On June 17, 1942, as a Jew, she was deported to the Theresienstadt ghetto , where she was classified as a prominent prisoner . It can be seen in a short sequence in the 1944 propaganda film Theresienstadt by Kurt Gerron , which has only survived in fragments .

She survived the camp imprisonment.

literature

  • Kay Less : Between the stage and the barracks.
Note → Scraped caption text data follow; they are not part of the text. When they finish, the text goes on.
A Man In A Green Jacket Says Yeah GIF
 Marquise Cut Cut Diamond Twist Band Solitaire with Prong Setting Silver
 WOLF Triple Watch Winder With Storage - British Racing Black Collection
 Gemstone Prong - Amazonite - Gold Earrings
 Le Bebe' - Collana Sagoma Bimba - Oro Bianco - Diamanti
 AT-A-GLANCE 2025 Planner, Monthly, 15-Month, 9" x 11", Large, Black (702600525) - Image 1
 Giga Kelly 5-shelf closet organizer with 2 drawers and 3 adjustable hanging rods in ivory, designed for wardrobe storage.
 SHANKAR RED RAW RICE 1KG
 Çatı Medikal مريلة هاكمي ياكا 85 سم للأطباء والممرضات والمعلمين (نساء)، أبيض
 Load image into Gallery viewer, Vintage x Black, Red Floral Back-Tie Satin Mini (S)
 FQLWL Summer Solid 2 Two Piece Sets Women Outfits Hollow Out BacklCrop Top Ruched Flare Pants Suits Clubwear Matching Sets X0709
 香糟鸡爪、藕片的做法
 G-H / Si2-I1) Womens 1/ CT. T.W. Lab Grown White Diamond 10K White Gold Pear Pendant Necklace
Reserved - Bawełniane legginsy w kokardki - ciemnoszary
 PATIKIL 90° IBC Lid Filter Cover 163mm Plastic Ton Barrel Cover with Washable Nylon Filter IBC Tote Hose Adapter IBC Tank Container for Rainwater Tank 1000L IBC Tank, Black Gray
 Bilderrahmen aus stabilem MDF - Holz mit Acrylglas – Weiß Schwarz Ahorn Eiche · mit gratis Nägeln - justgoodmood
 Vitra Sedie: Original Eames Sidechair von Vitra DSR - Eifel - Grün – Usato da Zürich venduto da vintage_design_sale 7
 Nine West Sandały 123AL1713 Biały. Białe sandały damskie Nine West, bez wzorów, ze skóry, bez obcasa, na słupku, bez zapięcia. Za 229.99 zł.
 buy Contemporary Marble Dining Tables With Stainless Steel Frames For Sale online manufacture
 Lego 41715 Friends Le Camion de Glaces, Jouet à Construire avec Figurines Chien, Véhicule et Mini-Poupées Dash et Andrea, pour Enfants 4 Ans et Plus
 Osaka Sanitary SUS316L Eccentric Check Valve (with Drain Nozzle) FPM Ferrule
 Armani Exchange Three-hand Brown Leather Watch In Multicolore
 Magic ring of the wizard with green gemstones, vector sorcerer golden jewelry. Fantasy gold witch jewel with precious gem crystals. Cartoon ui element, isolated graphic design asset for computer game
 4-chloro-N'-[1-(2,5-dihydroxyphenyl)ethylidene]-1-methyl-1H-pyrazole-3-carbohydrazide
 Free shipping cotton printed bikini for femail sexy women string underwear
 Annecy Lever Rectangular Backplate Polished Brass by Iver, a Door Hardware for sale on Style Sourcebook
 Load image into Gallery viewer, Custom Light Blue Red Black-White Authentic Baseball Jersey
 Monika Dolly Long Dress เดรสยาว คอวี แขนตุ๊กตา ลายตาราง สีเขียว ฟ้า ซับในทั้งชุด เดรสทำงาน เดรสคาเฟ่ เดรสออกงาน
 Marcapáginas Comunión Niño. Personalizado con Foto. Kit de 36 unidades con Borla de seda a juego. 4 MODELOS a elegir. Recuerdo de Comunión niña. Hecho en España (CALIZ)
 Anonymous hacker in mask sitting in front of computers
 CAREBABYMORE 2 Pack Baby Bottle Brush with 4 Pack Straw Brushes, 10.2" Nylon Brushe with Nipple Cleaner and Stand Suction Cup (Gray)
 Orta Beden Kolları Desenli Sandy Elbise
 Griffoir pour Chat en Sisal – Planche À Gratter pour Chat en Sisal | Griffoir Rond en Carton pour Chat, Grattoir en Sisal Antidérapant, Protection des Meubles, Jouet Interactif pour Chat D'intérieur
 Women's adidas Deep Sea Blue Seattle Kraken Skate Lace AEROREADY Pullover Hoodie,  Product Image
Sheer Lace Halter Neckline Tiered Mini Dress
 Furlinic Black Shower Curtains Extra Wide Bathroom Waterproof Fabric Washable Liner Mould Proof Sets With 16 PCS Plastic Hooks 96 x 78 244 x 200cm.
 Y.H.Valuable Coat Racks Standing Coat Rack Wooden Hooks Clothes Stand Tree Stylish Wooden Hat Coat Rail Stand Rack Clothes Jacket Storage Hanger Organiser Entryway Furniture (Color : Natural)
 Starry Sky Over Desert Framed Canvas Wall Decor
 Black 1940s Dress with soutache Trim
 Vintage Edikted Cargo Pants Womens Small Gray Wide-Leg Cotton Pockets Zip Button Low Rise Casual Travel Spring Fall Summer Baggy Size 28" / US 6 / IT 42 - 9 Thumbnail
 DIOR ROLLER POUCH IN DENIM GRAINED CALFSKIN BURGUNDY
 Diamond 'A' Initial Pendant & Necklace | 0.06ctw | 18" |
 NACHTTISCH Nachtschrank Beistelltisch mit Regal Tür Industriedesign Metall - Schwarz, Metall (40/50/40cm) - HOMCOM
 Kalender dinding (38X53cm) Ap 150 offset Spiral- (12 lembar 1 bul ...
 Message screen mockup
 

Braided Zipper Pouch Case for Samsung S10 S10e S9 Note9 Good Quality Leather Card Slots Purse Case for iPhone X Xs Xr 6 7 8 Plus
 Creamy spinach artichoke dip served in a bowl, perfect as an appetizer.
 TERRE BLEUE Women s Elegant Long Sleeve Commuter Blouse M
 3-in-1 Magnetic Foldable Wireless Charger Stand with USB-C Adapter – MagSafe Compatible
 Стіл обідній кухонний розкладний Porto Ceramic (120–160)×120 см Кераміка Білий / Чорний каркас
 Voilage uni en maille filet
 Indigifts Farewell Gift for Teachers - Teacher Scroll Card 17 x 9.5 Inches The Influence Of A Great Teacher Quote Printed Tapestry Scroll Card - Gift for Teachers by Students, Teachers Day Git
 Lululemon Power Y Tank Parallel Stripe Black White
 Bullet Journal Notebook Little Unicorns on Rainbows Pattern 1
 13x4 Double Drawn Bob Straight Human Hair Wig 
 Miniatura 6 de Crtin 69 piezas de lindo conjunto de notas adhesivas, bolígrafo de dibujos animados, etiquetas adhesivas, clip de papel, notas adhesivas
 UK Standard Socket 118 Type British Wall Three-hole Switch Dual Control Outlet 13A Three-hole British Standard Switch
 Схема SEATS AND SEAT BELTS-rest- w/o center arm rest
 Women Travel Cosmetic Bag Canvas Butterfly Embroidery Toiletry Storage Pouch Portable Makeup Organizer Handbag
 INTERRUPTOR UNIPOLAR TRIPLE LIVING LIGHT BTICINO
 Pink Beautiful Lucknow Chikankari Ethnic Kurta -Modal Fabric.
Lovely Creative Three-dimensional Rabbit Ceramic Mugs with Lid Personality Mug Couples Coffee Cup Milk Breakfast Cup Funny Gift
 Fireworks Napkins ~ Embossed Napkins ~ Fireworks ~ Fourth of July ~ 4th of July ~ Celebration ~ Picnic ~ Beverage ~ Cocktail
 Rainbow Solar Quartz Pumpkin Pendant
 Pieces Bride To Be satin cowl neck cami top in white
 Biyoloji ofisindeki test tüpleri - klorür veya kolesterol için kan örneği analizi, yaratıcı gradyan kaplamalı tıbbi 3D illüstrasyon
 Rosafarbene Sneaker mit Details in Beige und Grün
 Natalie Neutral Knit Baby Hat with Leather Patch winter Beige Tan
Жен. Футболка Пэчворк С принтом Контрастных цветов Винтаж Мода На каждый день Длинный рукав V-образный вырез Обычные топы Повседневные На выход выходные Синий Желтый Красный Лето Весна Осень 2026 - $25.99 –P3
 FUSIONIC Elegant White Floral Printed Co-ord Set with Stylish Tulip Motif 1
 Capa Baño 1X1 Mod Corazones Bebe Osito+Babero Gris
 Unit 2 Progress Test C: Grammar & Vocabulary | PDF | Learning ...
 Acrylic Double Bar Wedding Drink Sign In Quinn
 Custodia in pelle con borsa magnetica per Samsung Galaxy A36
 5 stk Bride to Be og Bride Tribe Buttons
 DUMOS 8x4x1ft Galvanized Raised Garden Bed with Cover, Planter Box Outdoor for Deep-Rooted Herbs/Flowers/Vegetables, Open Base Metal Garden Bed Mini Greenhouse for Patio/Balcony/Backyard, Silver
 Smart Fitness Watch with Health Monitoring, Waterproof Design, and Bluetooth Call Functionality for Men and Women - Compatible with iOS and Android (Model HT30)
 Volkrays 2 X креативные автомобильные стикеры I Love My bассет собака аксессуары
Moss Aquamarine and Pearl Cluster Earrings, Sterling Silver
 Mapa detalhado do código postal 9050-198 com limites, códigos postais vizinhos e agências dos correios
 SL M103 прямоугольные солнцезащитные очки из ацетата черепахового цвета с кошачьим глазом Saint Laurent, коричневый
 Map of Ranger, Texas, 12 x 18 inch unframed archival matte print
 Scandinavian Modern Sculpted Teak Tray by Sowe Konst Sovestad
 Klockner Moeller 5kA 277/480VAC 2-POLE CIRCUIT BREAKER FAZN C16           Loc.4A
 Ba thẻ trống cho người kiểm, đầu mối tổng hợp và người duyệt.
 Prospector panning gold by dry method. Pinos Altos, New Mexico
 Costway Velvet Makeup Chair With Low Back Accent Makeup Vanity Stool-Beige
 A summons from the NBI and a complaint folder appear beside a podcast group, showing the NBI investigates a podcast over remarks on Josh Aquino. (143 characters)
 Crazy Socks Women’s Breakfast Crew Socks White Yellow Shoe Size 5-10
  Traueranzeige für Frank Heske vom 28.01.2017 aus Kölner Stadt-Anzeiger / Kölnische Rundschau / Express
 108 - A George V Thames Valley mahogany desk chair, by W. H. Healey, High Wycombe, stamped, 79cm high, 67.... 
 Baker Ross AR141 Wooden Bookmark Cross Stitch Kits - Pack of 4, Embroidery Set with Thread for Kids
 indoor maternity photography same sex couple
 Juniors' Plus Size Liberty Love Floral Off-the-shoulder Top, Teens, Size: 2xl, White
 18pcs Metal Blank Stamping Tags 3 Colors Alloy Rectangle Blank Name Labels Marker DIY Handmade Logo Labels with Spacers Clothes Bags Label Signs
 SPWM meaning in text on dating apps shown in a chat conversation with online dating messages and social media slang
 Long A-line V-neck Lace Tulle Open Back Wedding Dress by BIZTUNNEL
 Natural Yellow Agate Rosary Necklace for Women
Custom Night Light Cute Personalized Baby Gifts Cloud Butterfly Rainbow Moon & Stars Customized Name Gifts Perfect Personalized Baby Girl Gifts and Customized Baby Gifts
Lexicon of persecuted theater, film and music artists from 1933 to 1945 . With a foreword by Paul Spiegel . Metropol, Berlin 2008, ISBN 978-3-938690-10-9 , p. 410.

Web links

  • Julie Salinger , near Ghetto-Theresienstadt. There is an index card with the details of your CV and photo.

Remarks

  1. Salinger's singing activity is not listed in the singer lexicon. Karl-Josef Kutsch , Leo Riemens : Large singer lexicon . Fourth, expanded and updated edition, Munich 2003, ISBN 3-598-11598-9 .
  2. Karel Magry: The concentration camp as an idyll: "Theresienstadt" - a documentary film from the Jewish settlement area . In: Fritz Bauer Institute (ed.): Auschwitz - history, reception and effect . Campus, Frankfurt 1997, pp. 319–352, here p. 338.